INSTRUCTIONS FOR THE TASK.
All of the listing is to be written out word for word, with the pictures left out.

SUPPLIED RECORDS.
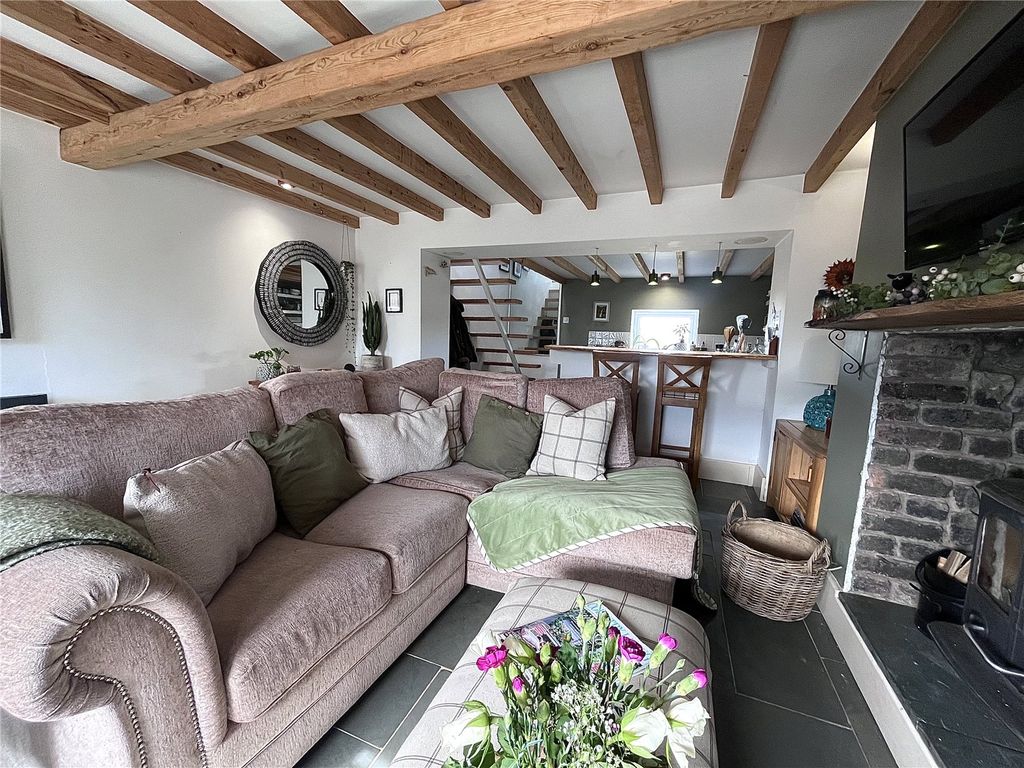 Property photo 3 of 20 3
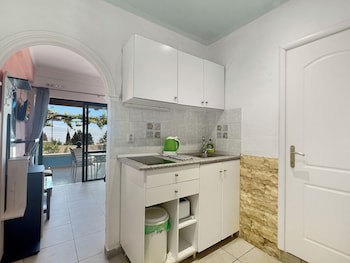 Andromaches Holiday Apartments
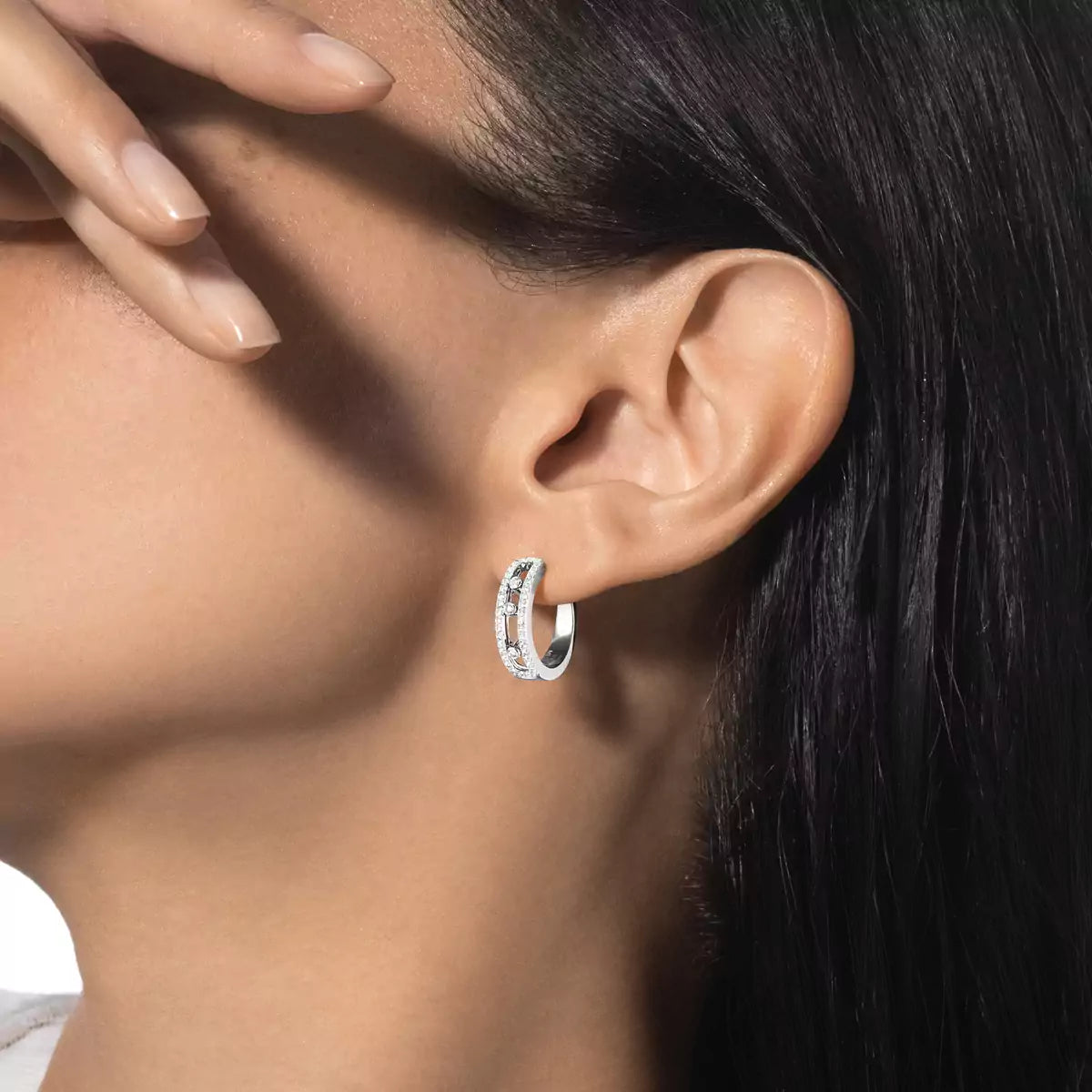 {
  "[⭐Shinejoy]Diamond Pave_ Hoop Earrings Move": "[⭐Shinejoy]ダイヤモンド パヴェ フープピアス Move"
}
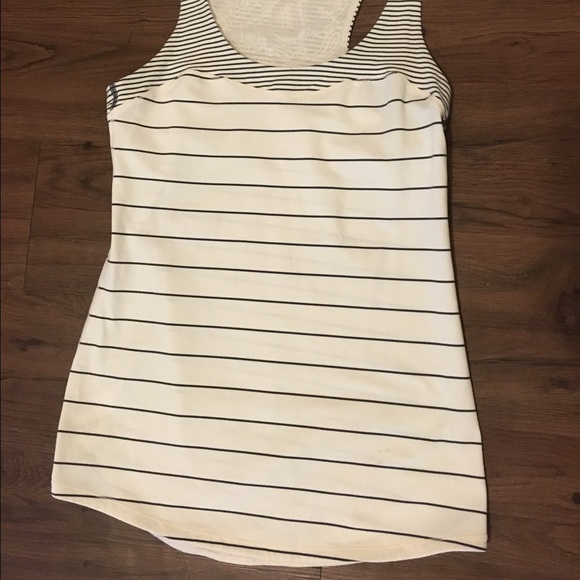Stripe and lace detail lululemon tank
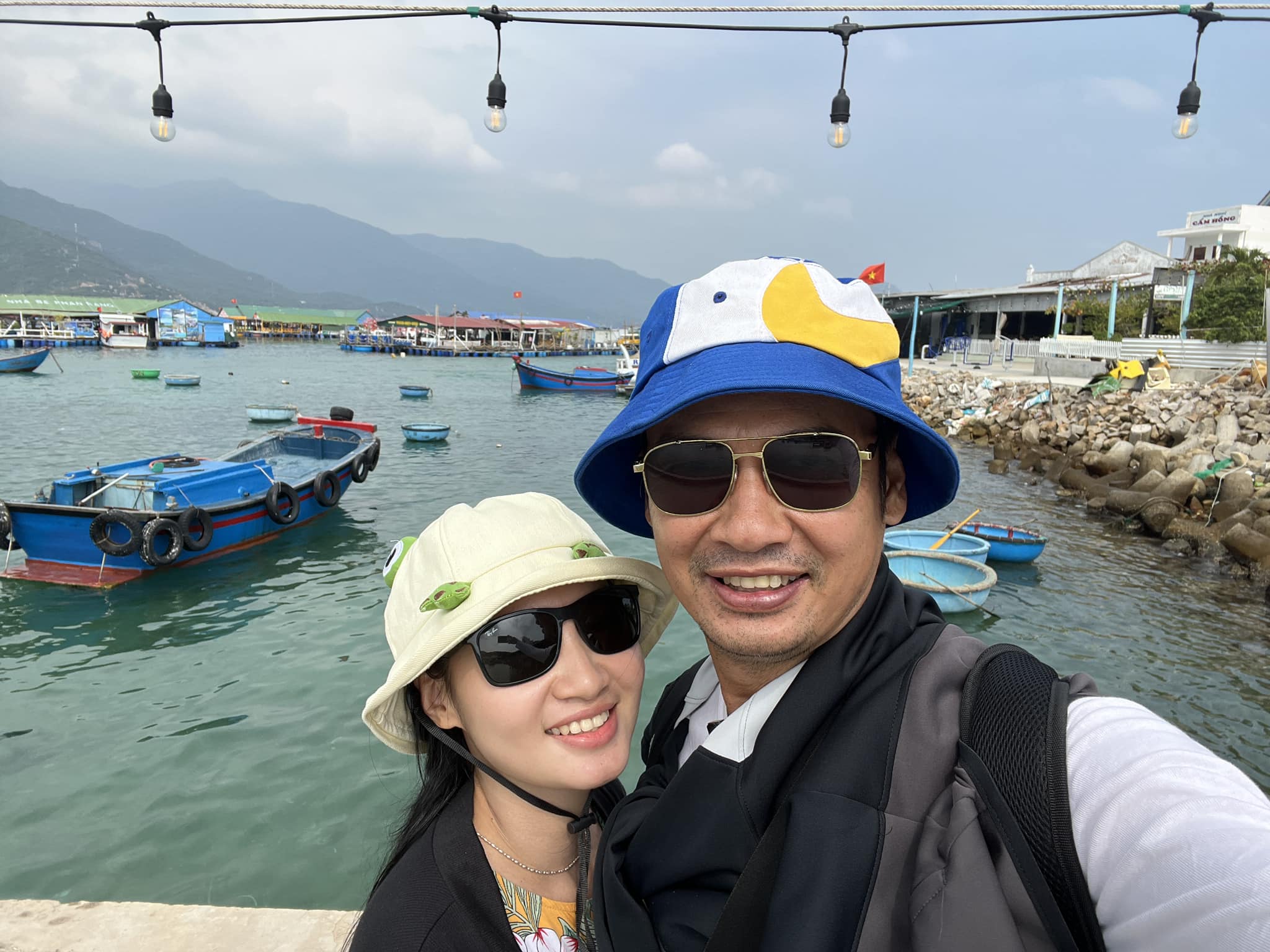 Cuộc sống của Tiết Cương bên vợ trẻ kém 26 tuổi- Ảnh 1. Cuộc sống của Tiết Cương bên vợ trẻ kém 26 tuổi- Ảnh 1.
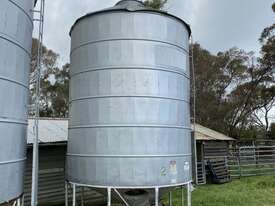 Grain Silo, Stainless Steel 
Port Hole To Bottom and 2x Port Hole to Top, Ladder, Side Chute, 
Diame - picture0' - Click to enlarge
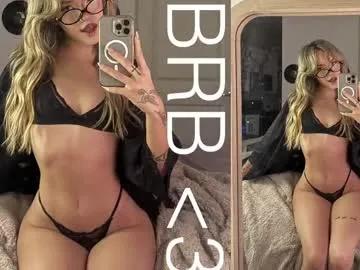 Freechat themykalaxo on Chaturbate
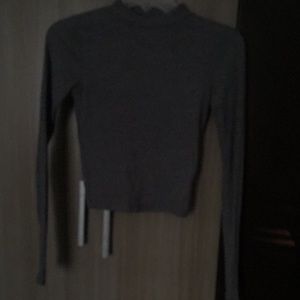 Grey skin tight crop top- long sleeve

EXERCISE OUTPUT.
 Property photo 3 of 20 3
 Andromaches Holiday Apartments
 {
  "[⭐Shinejoy]Diamond Pave_ Hoop Earrings Move": "[⭐Shinejoy]ダイヤモンド パヴェ フープピアス Move"
}
Stripe and lace detail lululemon tank
 Cuộc sống của Tiết Cương bên vợ trẻ kém 26 tuổi- Ảnh 1. Cuộc sống của Tiết Cương bên vợ trẻ kém 26 tuổi- Ảnh 1.
 Grain Silo, Stainless Steel 
Port Hole To Bottom and 2x Port Hole to Top, Ladder, Side Chute, 
Diame - picture0' - Click to enlarge
 Freechat themykalaxo on Chaturbate
 Grey skin tight crop top- long sleeve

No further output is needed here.